A sua origem, porém, é bem diferente. Mayes explica que os rejeitos da mina
europeia eram altamente alcalinos, salgados e continham metais como cromo e
vanádio. Em Minas, Mayes acredita que o maior problema poderá estar nas altas
concentrações de arsênio.
A
análise liderada pelo cientista na Hungria mostrou uma boa recuperação do meio
ambiente quatro anos após o vazamento. Estima-se que US$ 136 milhões foram
gastos para a recuperação da área. “Mas é muito difícil comparar os dois
casos”, fala Mayes, citando a diferença de volume e da composição dos rejeitos.
Evitar
o próximo desastre, acredita Chambers, só será possível com uma melhor
regulamentação ambiental da atividade mineradora.
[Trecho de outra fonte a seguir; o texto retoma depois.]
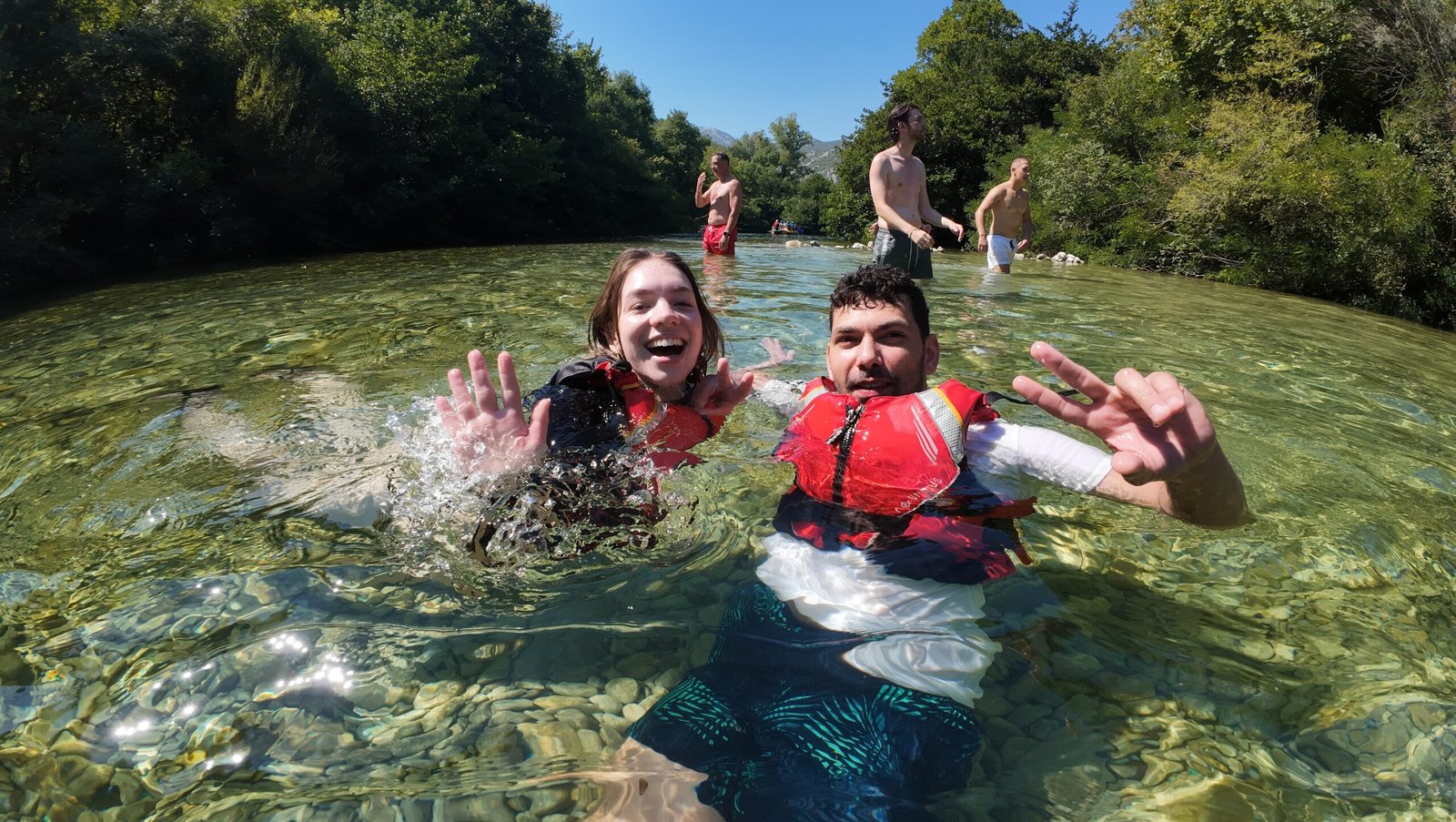 Swim break in a clear emerald pool on the Cetina rafting route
As esperanças do cientista
são de que países recentemente afetados e onde a mineração é uma atividade
econômica importante, como é o caso do Canadá ou do próprio Brasil, tomem a
dianteira nesse processo. “Se um desses países cria esses parâmetros, os outros
se verão obrigados a fazer o mesmo”, acredita o cientista.
As
vidas perdidas não podem ser recuperadas, é certo. O estrago feito, porém, pode
em muito ser contido e revertido, desde que bem calculado, e servir de exemplo
para a criação de normas que evitem a repetição de tragédias como essa.